### Exercise requirements
The lines needed run from the one that contains "A Cluster of" through the end of the material below, both included; write them out exactly, with no pictures.

### Information supplied

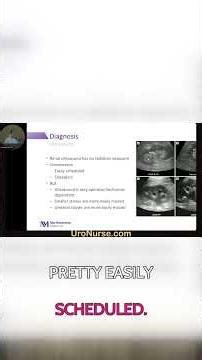 Detect Kidney Stones: CT vs Ultrasound in Stone Diagnosis
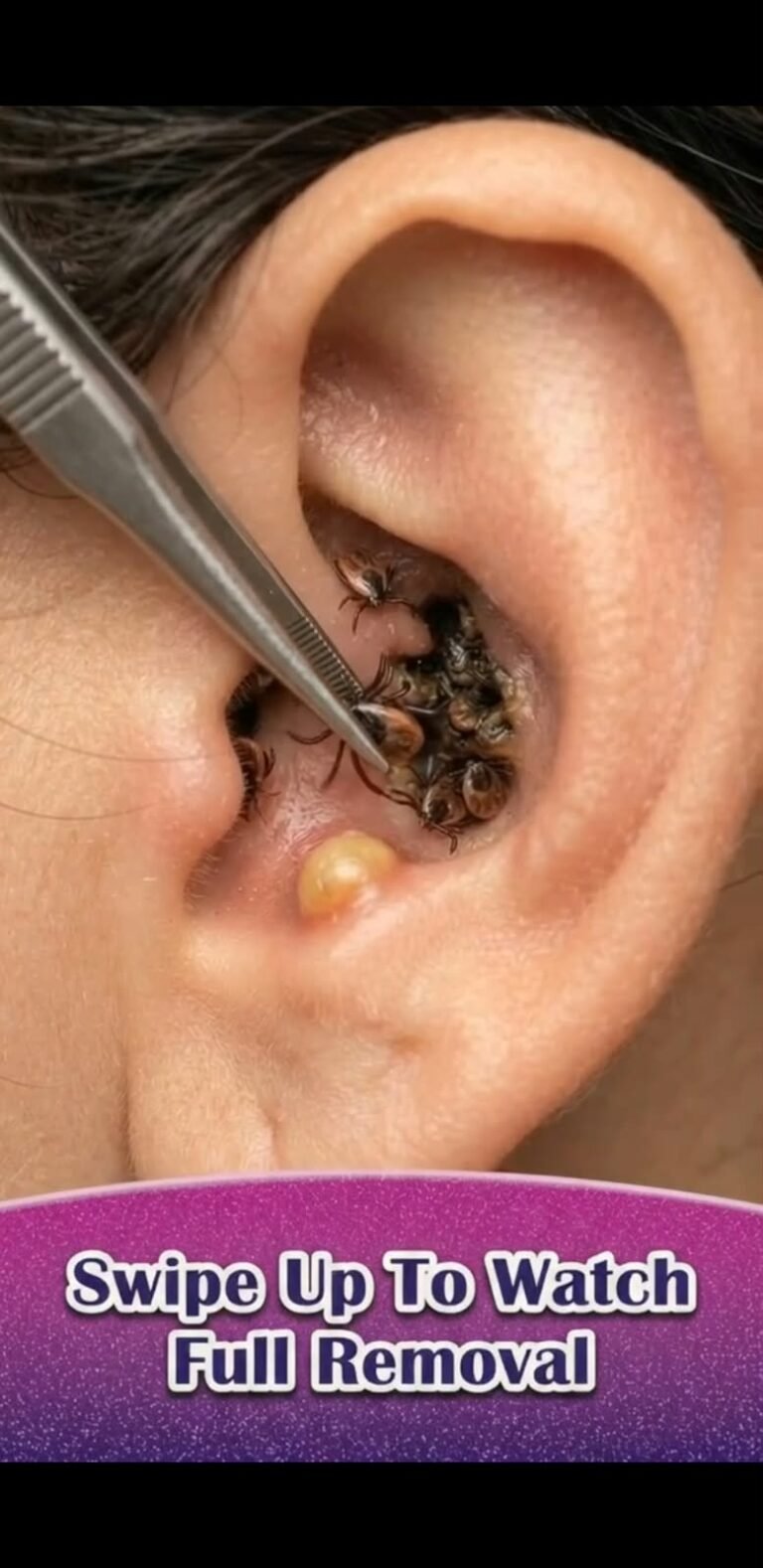 A Cluster of Ticks Inside the Ear: Why Immediate Removal Matters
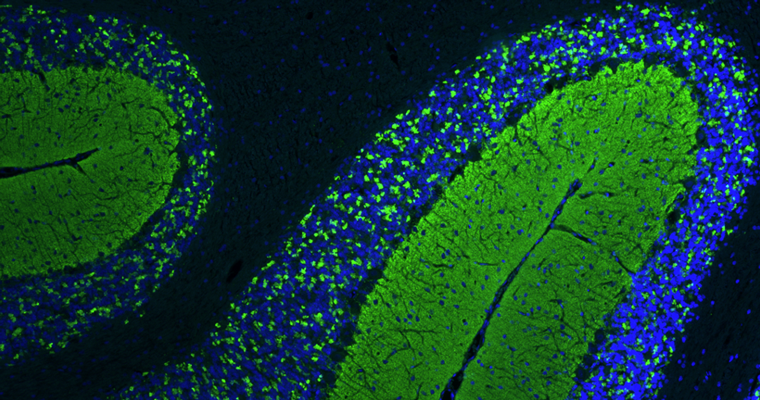 Formalin fixed, paraffin-embedded rat brain cerebellum region showing staining of VGlut1. The sections were stained with anti-VGlut1 recombinant chicken monoclonal antibody (green) (Cat No. 78-066) at 1:100 dilution. The stained sections were mounted with Antibodies Incorporated FluoroshieldTM with DAPI and DABCO mounting medium (Cat. No. AR-6505). DAPI nuclear stain (blue) shows cell nuclei. Anti-VGlut1 specifically stains the axonal synapses in the granular layer of the cerebellum.​ Magnification 100X.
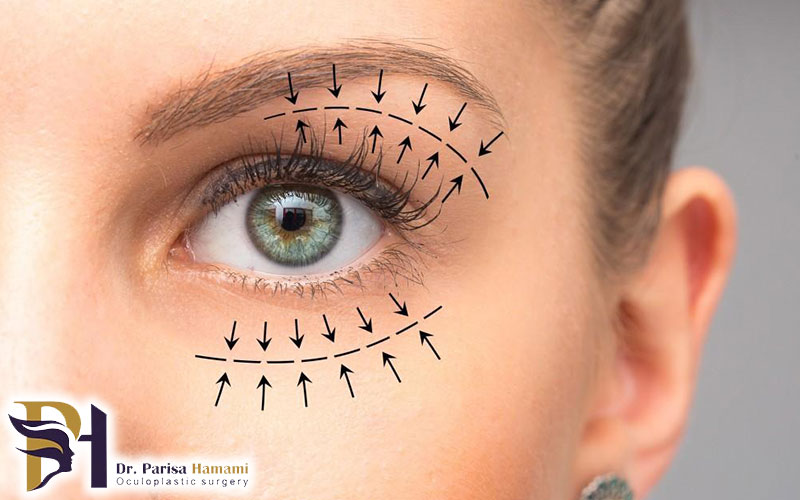 بلفاروپلاستی پلک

### Result
 A Cluster of Ticks Inside the Ear: Why Immediate Removal Matters
 Formalin fixed, paraffin-embedded rat brain cerebellum region showing staining of VGlut1. The sections were stained with anti-VGlut1 recombinant chicken monoclonal antibody (green) (Cat No. 78-066) at 1:100 dilution. The stained sections were mounted with Antibodies Incorporated FluoroshieldTM with DAPI and DABCO mounting medium (Cat. No. AR-6505). DAPI nuclear stain (blue) shows cell nuclei. Anti-VGlut1 specifically stains the axonal synapses in the granular layer of the cerebellum.​ Magnification 100X.
 بلفاروپلاستی پلک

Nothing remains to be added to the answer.